Ich denke es kommt da auch wieder auf den ADS Menschen selber an.
Bei meiner bekannten der Junge ist mit 15 Jahren 184 cm und wiegt knapp über 100 kg massig nicht Fett
sie ist 160 cm
wenn der junge schub bekommt nimmt er ein messer wo er schon auf ein andere Betreuten im Heim los gegangen ist.
Wie soll die Mutter sich da gegen stellen???
Mit nett zu reden? das funktioniert nicht mehr!

Ich fragte den Mitarbeiter beim Jugendamt was ist er für ein Typ mal so unter uns ist das ganz normal das verhalten oder ist das eher noch dezent . Oder wie ist das zu sehen sie machen den Job nun seit 17 Jahren.
Er sagte solch ein Knaller hat er noch nier erlebt in den ganzen Jahren.

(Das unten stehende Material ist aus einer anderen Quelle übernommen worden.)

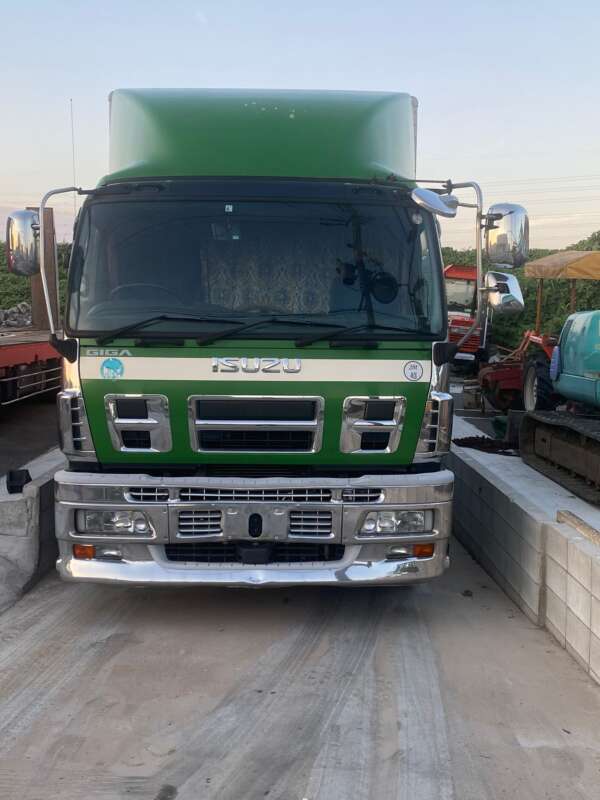 Isuzu GIGA wing. 12 wheeler - Image 2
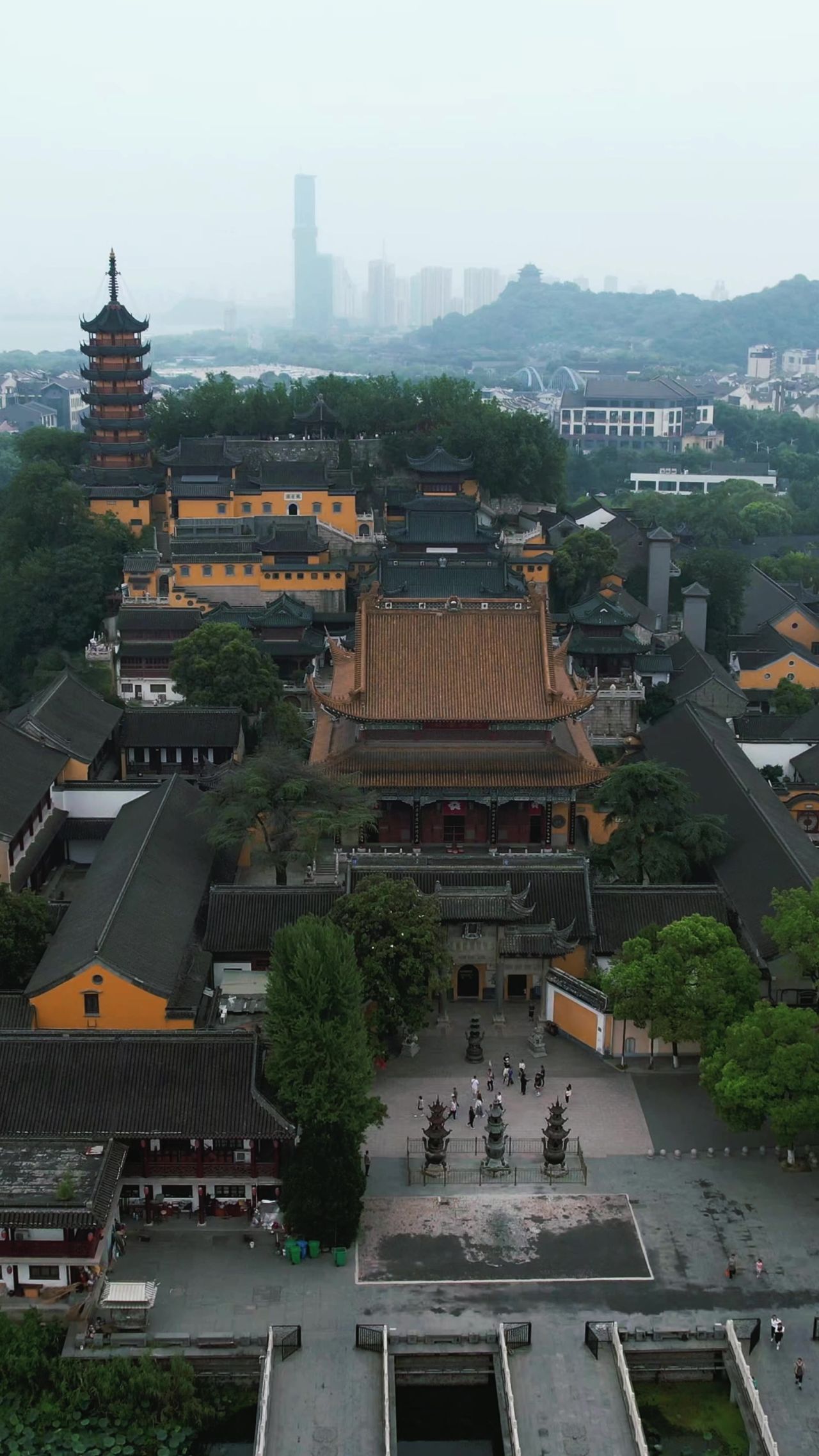镇江金山寺竖屏航拍 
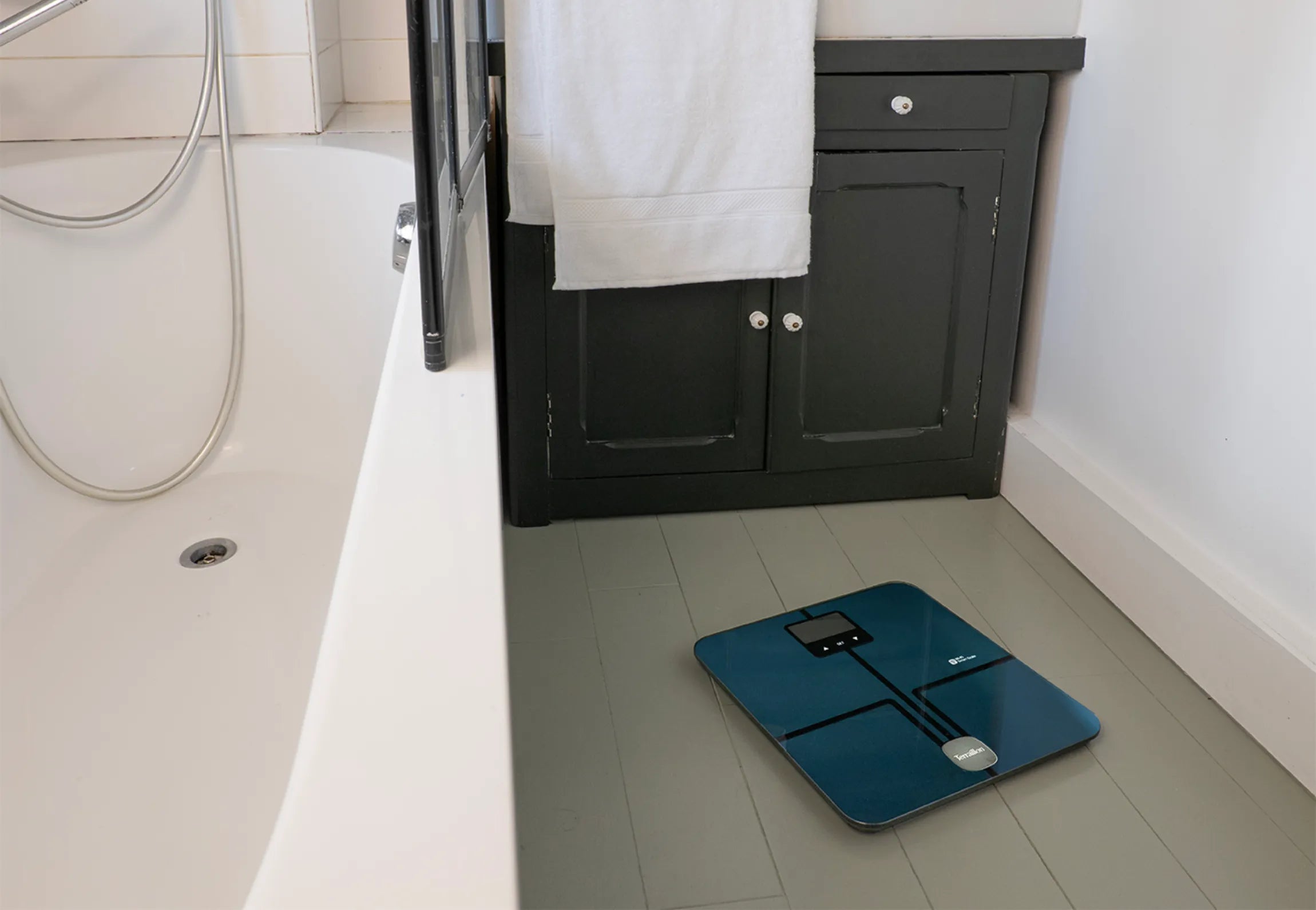Pèse-personne impédancemètre connecté WIFI MASTER COACH ULTRA vue globale salle de bain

Eine lösung wie man mit der krankheit umgehen soll ist mir in den ganzen 6 oder 7 jahren nicht ein gefallen.

Zu erst sicherlich fürsorge und zuneigung nach 5 jahren war meine meinung dann aber auch mal um ehrlich zu sein den würde ich den schädel runter schlagen.

Die meisten psychologen sagen er muss "eingestellt" werden und eine psychologische betreuung ist bindend.